## [STORED DATA]
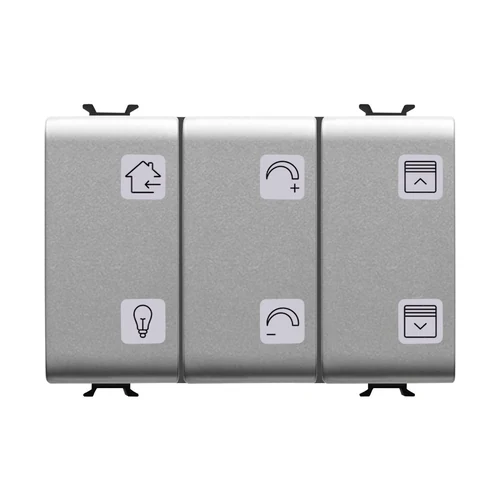 GEWISS GW14783A - KNX 6-Channel Push Button Panel with Interchangeable Symbols (3 Modules, Titanium, Chorusmart)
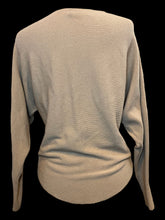 Load image into Gallery viewer, XL Beige &amp; multicolor floral embroidery long sleeve rib knit scoop neck sweater w/ rounded hem
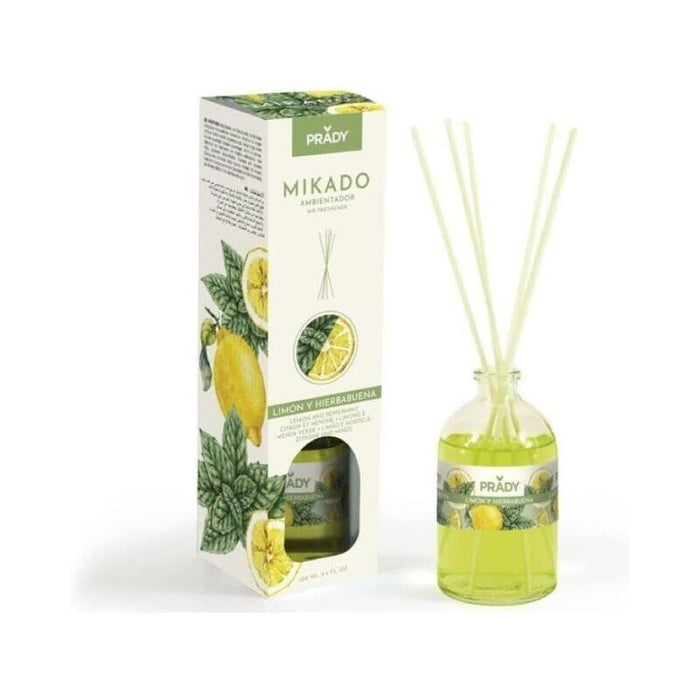 Prady Ambientador Mikado Limon Y Hierbabuena - Frasco De Cristal 100 Ml Y Varitas Difusoras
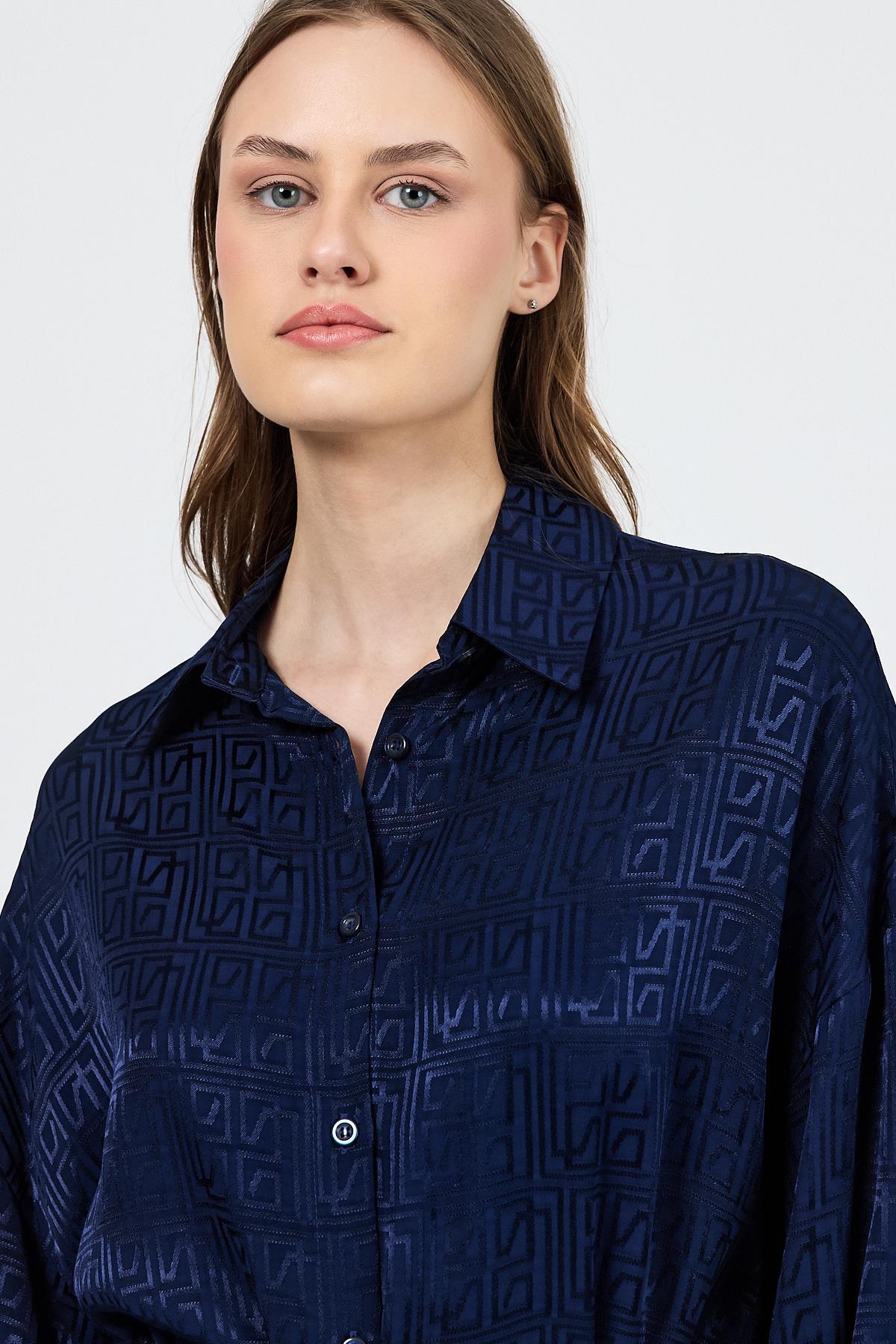 Laci Desenli Saten Görünümlü İp Bağlama Detaylı Gömlek 4293A - 4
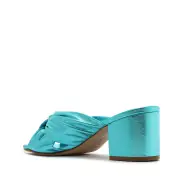 Mindy Mid Block Metallic Leather Sandal(5,Turquoise)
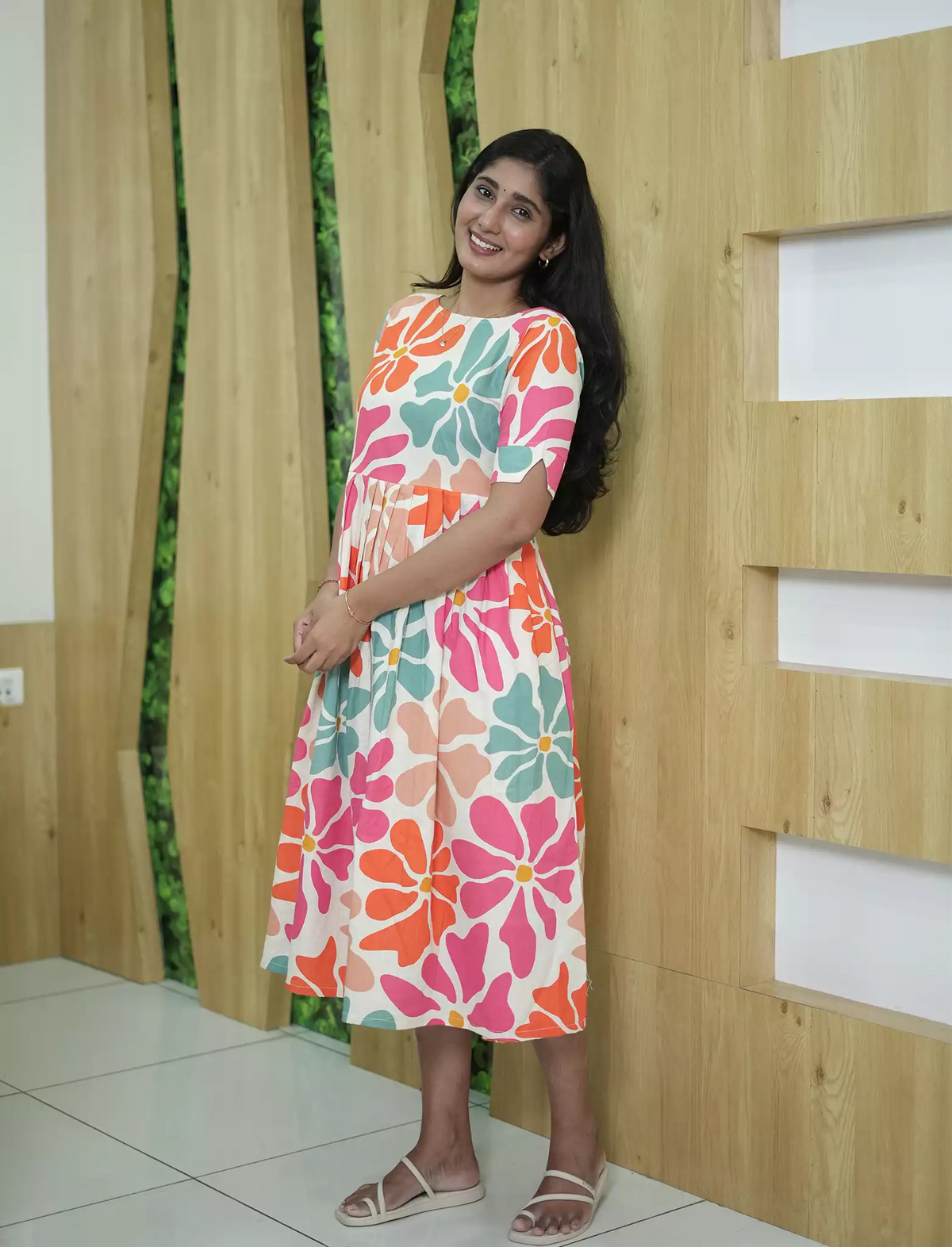 Abstract Floral Print Cotton Maxi Frock with Pocket | Mangai Nighties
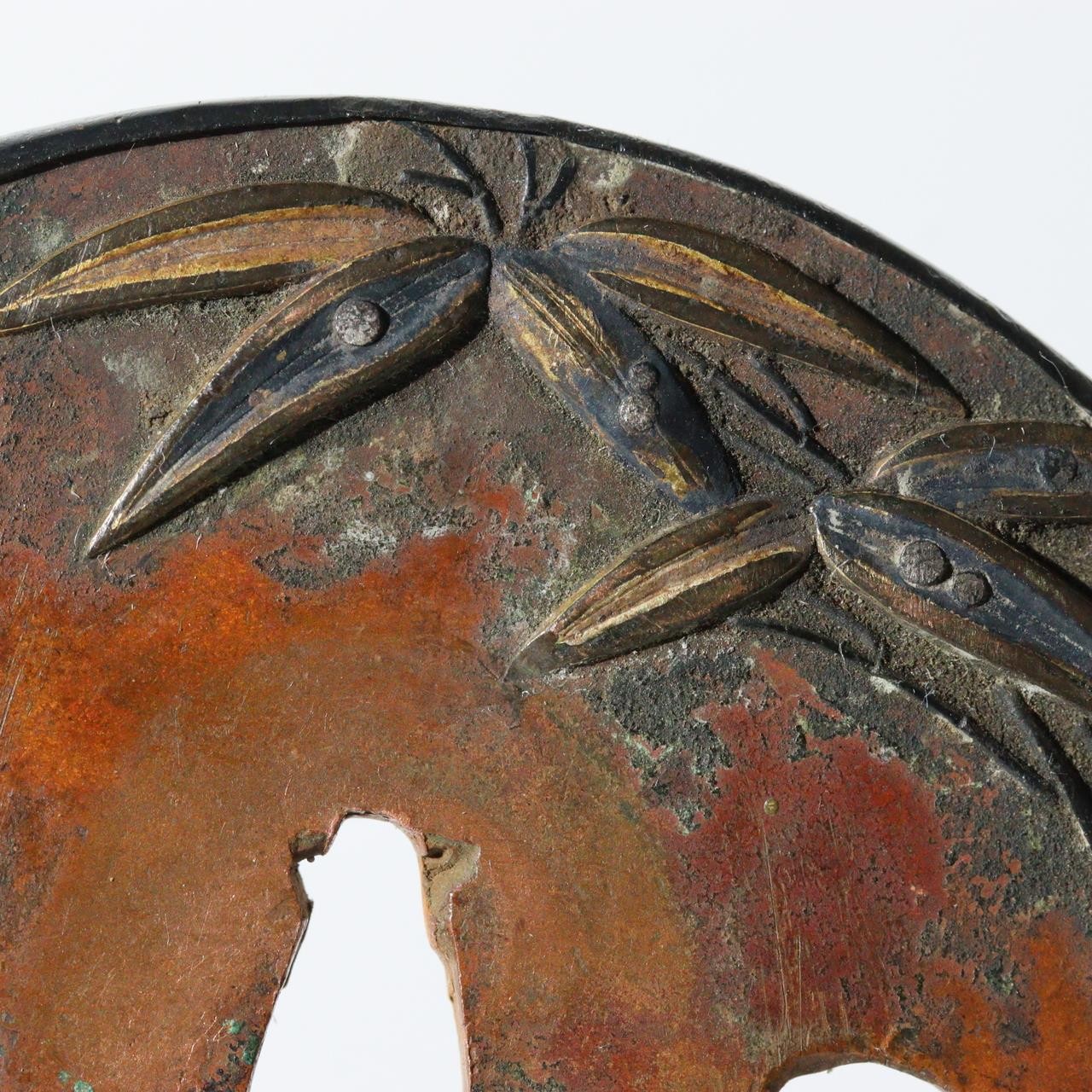 Antique Japanese Copper Gilt Bamboo Motif Tsuba Sword Guard Fukurin Rim STO9015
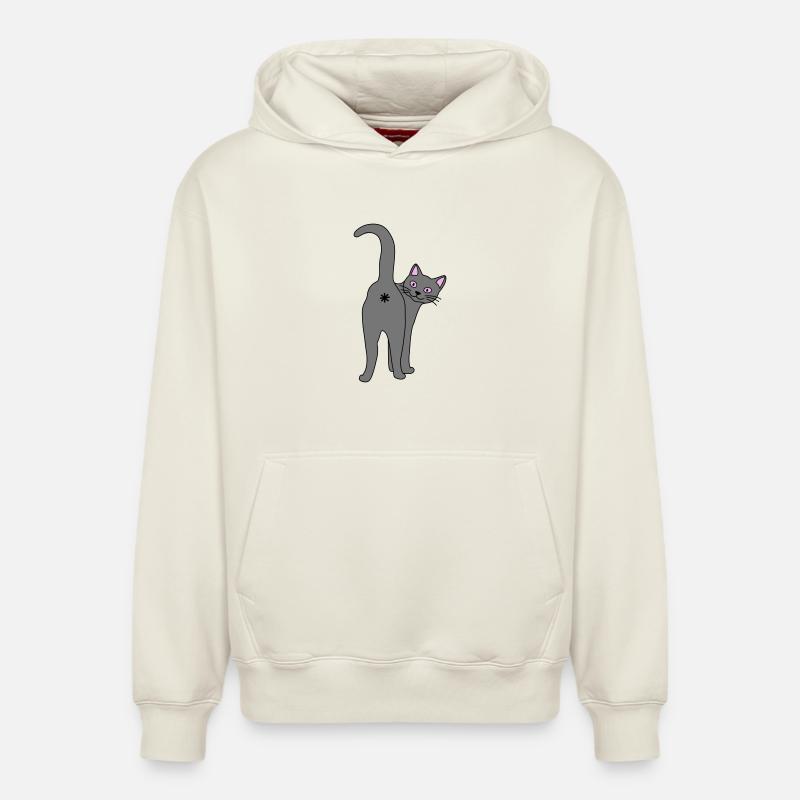 Méchant chat - Sweat à capuche unisexe décontracté en coton biologique – de SPREAD - blanc cassé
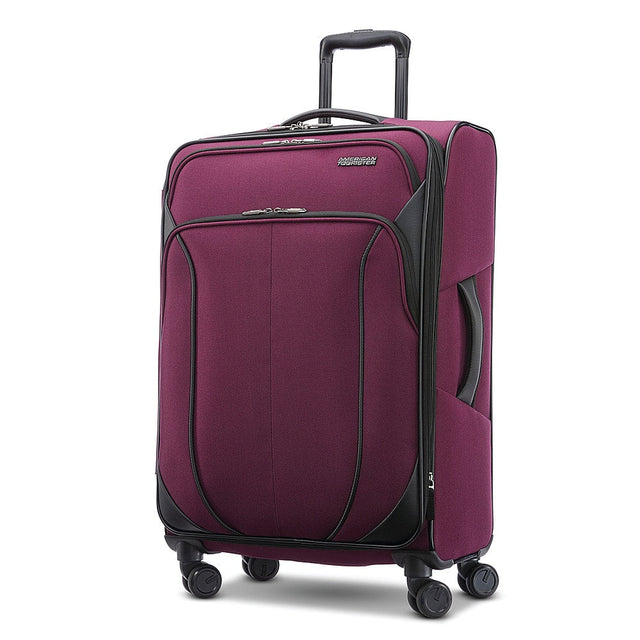 Front. American Tourister - 4 Kix 2.0 28" Expandable Spinner Suitcase - Purple Orchid.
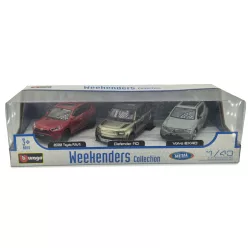   3-dielna sada - Toyota RAV 4 - Land Rover New Defender 110 - Volvo EX90 (2024) - Bburago - 1:43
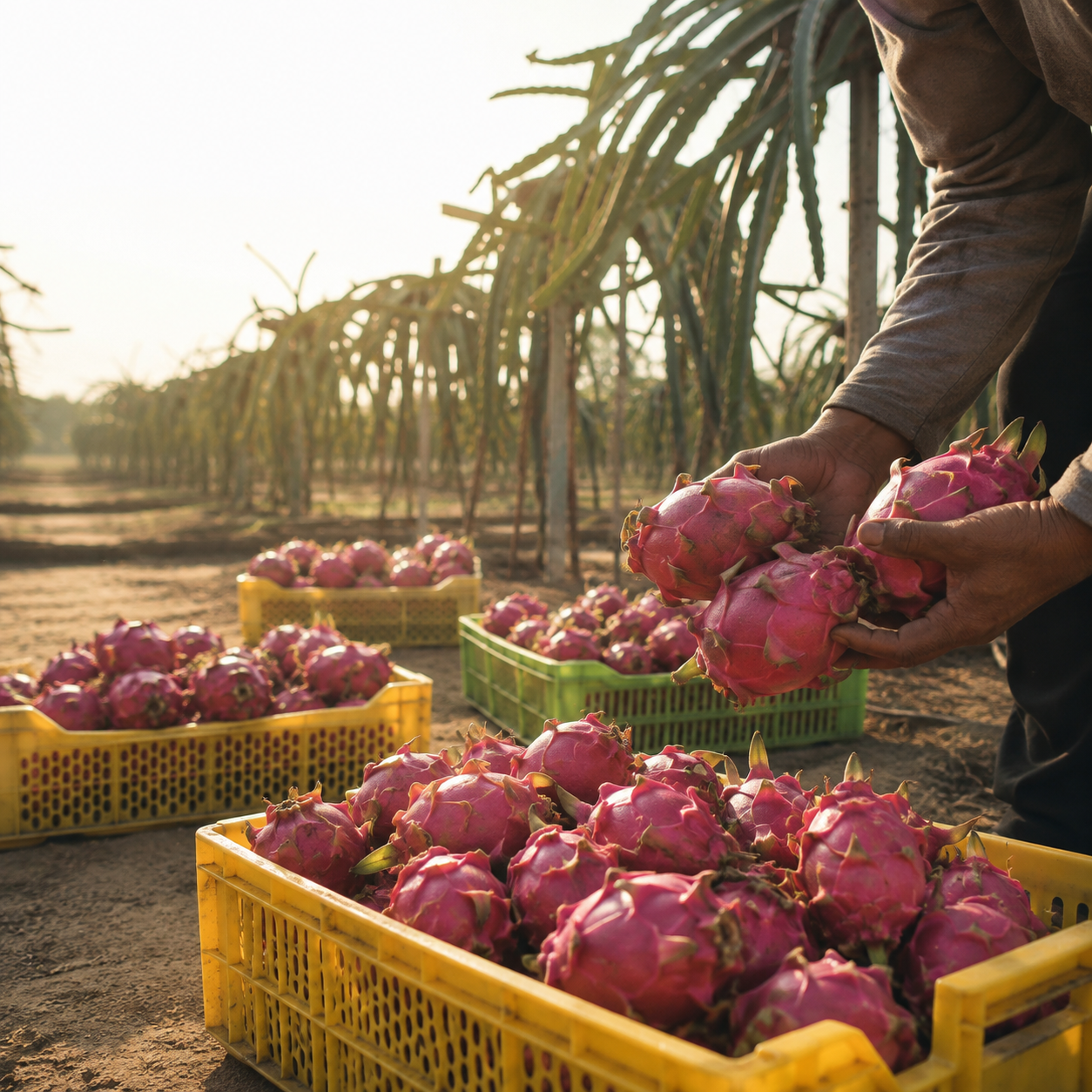 A worker gathering dragon fruit at Al-Alamia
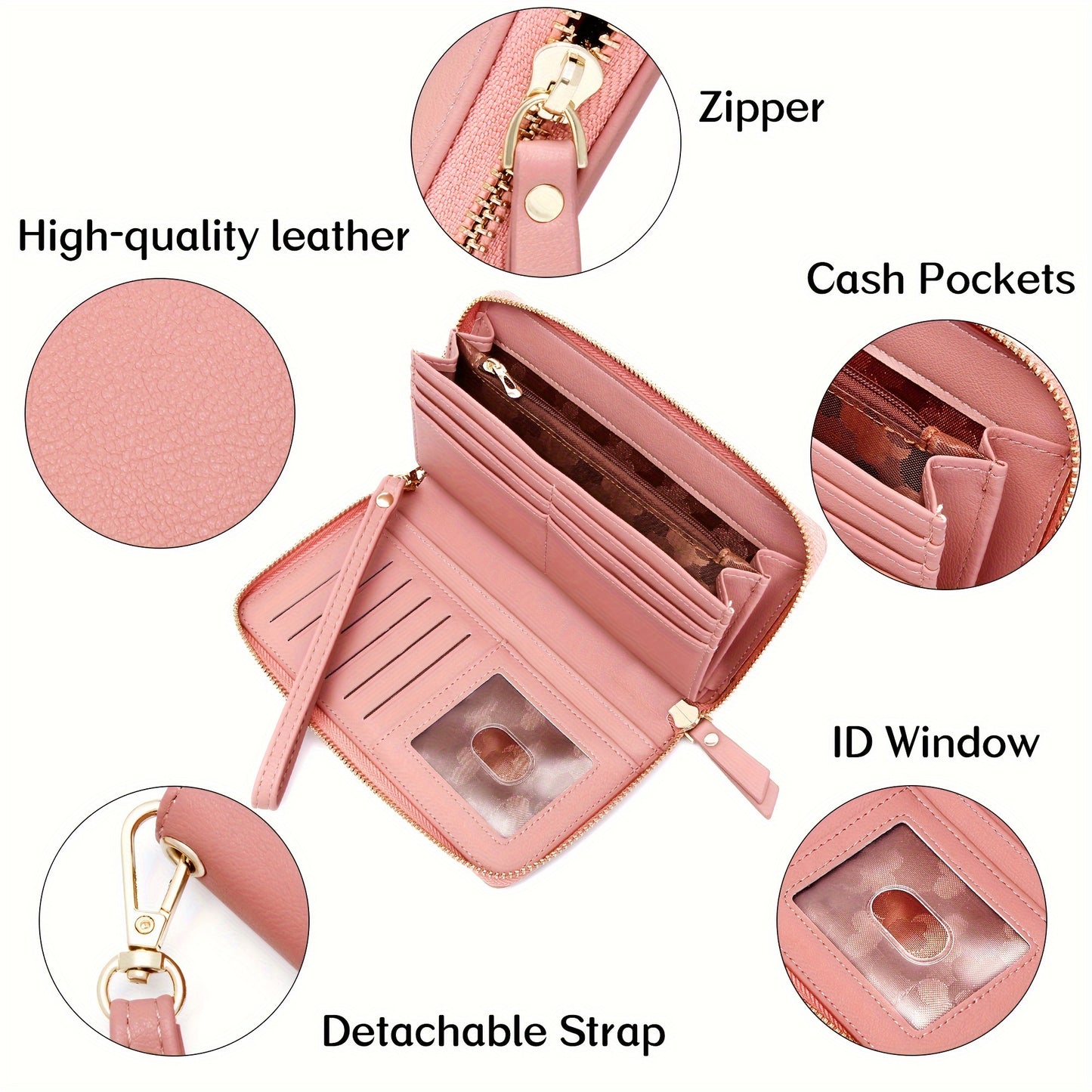 Womens Wallet Zip Around Wallet PU Leather Large Travel Long Purse Credit Card Holder with Wristlet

## [WHAT YOU WILL DO]
Starting at the line that contains "Laci Desenli Saten", extract each line through the last line of the material exactly as written, and include no pictures.

## [THE COMPLETED TASK]
 Laci Desenli Saten Görünümlü İp Bağlama Detaylı Gömlek 4293A - 4
 Mindy Mid Block Metallic Leather Sandal(5,Turquoise)
 Abstract Floral Print Cotton Maxi Frock with Pocket | Mangai Nighties
 Antique Japanese Copper Gilt Bamboo Motif Tsuba Sword Guard Fukurin Rim STO9015
 Méchant chat - Sweat à capuche unisexe décontracté en coton biologique – de SPREAD - blanc cassé
 Front. American Tourister - 4 Kix 2.0 28" Expandable Spinner Suitcase - Purple Orchid.
   3-dielna sada - Toyota RAV 4 - Land Rover New Defender 110 - Volvo EX90 (2024) - Bburago - 1:43
 A worker gathering dragon fruit at Al-Alamia
 Womens Wallet Zip Around Wallet PU Leather Large Travel Long Purse Credit Card Holder with Wristlet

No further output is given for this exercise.